In Michigan, the CEO of DTE Energy declared shortly after the election that his company had no plans to build coal plants, despite the change in administration, MLive reported. We Energies, Wisconsin’s largest utility, has said it intends to cut emissions by 40 percent of 2030 levels, according to the Milwaukee Journal-Sentinel. Meanwhile, Ohio utilities are lobbying state lawmakers to provide financial assistance to aging coal plants, which are struggling to compete in the Buckeye State’s competitive wholesale generation market (Climatewire, Nov. 22).
PJM Interconnection LLC, the regional grid operator, has said the Ohio coal plants slated for retirement are not needed for reliability, said Johannes Pfeifenberger, a principal at the Brattle Group, a Boston-based consultancy.
"So if the state wants them for other reasons like employment, I guess that’s up to the state," Pfeifenberger said during a recent panel hosted by the National Conference of State Legislatures in Washington.

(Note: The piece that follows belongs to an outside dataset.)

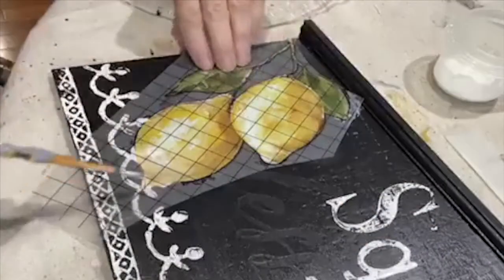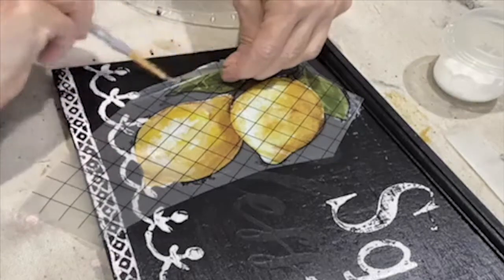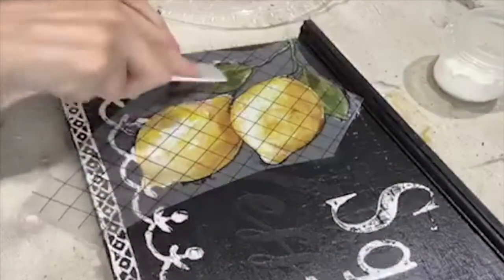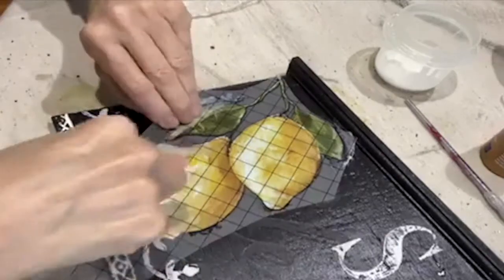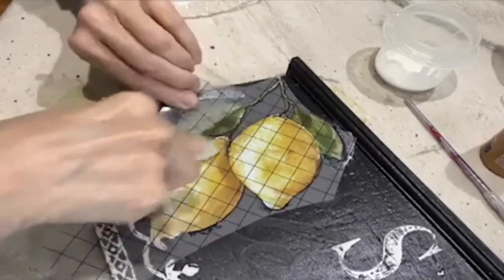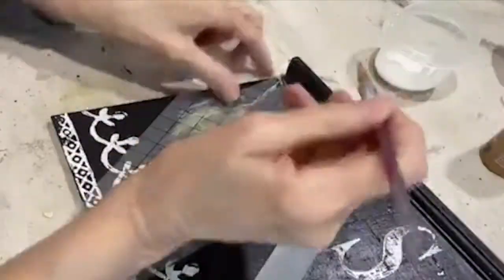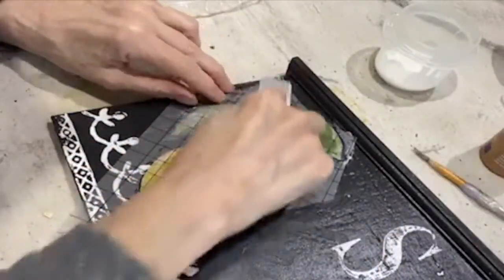After putting a little Mod Podge on my brush, I put it on to the back of my transfer and to my surface. I laid the plastic back down and I lightly burnish it. I use more Mod Podge than I need, and sometimes I let it set up for a couple of seconds to get tacky, and then it adheres a little bit better to my surface.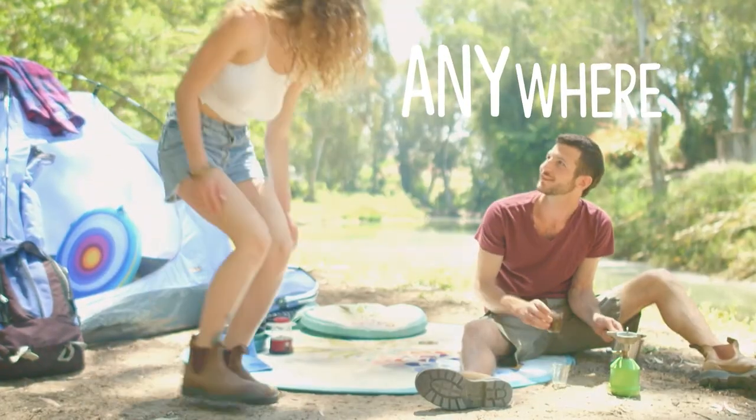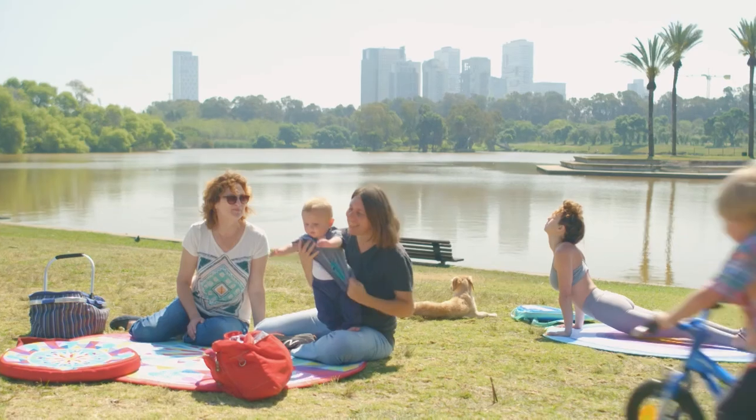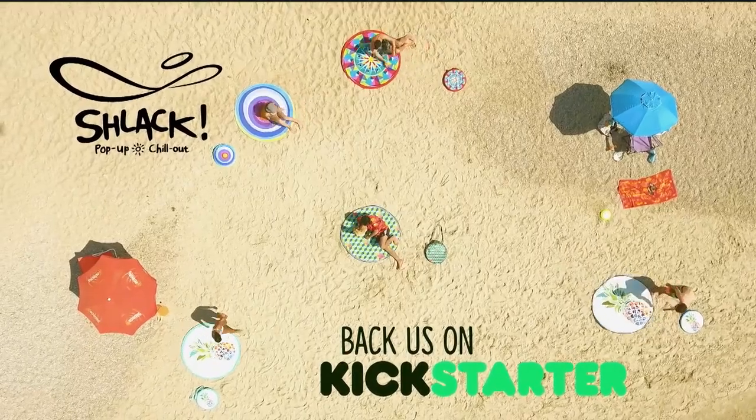Schlack is ideal for chilling anywhere, taking your precious chill-out experience to a whole new level. Making it WOW in a Schlack. Back us on Kickstarter and Schlack up your life.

If it were up to Adams, the coal plants would keep humming. The new natural gas plants being built today employ a fraction of the people needed to staff a coal plant, the Montgomery County utility workers union president said. Wind and solar farms employ even less.
All of which helps explain Adams’ latest concern. A week after the election, Dayton Power and Light Co. told local news outlets in Ohio it was considering closure of two massive coal plants, the J.M. Stuart and Killen stations.
Together, the two plants employ more than 490 people and provide a significant piece of the funding for schools in two counties along the Ohio River. Closing those plants would have a massive impact on those communities, Adams said.